- The Consumer Financial Protection Bureau (CFPB) fined mortgage broker GreenSky $ 2.5 million on Monday, asking the fintech to refund or cancel loans of up to $ 9 million that the Company has granted trading partners on behalf of customers who have indicated not requesting or authorizing them to do so.
- According to CFPB, between 2014 and 2019, GreenSky received more than 6,000 complaints from customers who reported failing to submit a loan application. The merchant was to blame in around 1,600 cases, the investigators in the office found. The lender worked with some borrowers to resolve issues, but in at least 2,800 cases the complainant received neither a refund nor a write-off, the CFPB wrote in its consent form.
- Under the agreement, GreenSky must verify consumers’ identities and obtain proof of a borrower’s authorization before activating loans or withdrawing funds, the CFPB wrote. The company must also provide complaint management staff and have clear dispute resolution schedules. It took more than six months, in around 100 cases, for the fintech to resolve complaints, the bureau found. The consent order would require GreenSky to provide account credit to borrowers within five days of receiving a complaint.
GreenSky lets its partner dealers use its software to collect financial information and automatically submit credit applications on behalf of customers. Written confirmation from the borrower is required prior to filing the application, but the CFPB noted that in some cases GreenSky did not review these documents until a complaint was filed under the consent order. The office directed the fintech to exercise effective oversight over third party trading partners.
“GreenSky’s negligent business and customer service practices have enabled its dealers to take advantage of vulnerable consumers in need of financial assistance,” CFPB’s acting director Dave Uejio said in a press release on Monday. “It is just wrong for consumers to go into debt to GreenSky for loans they did not know about. The CFPB will not stand for practices that allow such behavior in the marketplace.”
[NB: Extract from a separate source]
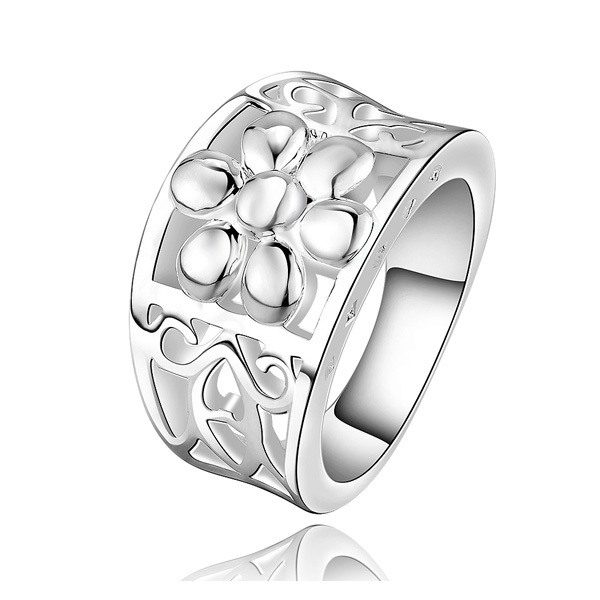 Punk 925 Silver Ring Anillos Women Fine Jewelry Hollow Flower Design Biker Rings for Men Accessories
As part of the agreement, GreenSky did not admit any liability or misconduct. The company “has already implemented many of the protocols and business practices” that the CFPB was calling for, Tim Kaliban, President and Chief Risk Officer of GreenSky, said in a statement. “Resolving this matter also enables us to devote our full and undivided attention to the growth and strengthening of our business, which is built on a foundation of integrity and trust. We have fully cooperated and respected and cooperated with the CFPB in connection with their investigation appreciate the important role it plays in terms of consumer protection. “
GreenSky reportedly allowed merchants to submit loan applications for up to two months prior to October 2019 before participating in a mandatory training program, the CFPB noted. The order forces the company to change its training regulations.
The fintech’s Merchant Risk Unit has also been more negligent in reviewing loan applications from its larger partners, the bureau found. The staff of the unit were instructed to “change their recommendations on suspensions and terminations of traders based on a trader’s volume of business,” the CFPB noted.
Shortly before October 2019, GreenSky had nine banking partners. One bank, Regions, said earlier this year it would not renew its funding relationship when it expires. The bank originally wanted to establish point-of-sale credit partnerships to see if it could boost customer base growth. However, Regions CEO John Turner said the bank had chosen to focus more on direct relationships.
Towards the end of the partnership, GreenSky Chief Administrative Officer, Gerry Benjamin, told American Banker, “We can only conclude that the regions believe they can redeploy these assets and achieve higher returns on a risk-adjusted basis.”
The regions increased their presence in the home improvement lending business last month and bought EnerBank as part of a $ 960 million deal.